____ Provided material
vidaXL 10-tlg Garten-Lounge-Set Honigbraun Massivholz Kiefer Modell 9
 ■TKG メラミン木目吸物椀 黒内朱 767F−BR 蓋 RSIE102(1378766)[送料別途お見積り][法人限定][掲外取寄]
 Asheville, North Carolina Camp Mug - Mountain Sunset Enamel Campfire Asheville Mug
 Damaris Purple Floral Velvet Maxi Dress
________
> _What you should do_: Give the whole listing again, character for character.

> _Output of the task_:
vidaXL 10-tlg Garten-Lounge-Set Honigbraun Massivholz Kiefer Modell 9
 ■TKG メラミン木目吸物椀 黒内朱 767F−BR 蓋 RSIE102(1378766)[送料別途お見積り][法人限定][掲外取寄]
 Asheville, North Carolina Camp Mug - Mountain Sunset Enamel Campfire Asheville Mug
 Damaris Purple Floral Velvet Maxi Dress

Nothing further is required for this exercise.